What the task asks
From the entries below, gather each line containing the word "white".

*** Begin section ***

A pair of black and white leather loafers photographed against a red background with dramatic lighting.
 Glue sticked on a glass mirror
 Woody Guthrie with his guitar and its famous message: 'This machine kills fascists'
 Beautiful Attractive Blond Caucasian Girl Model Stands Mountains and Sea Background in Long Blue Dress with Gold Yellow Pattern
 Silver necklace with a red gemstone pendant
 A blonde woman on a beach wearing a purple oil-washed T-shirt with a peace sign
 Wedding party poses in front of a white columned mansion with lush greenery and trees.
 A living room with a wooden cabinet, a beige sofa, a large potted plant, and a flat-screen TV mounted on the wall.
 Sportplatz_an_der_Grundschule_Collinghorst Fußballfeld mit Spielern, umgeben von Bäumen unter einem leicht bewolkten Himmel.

*** End section ***

Expected answer
A pair of black and white leather loafers photographed against a red background with dramatic lighting.
 Wedding party poses in front of a white columned mansion with lush greenery and trees.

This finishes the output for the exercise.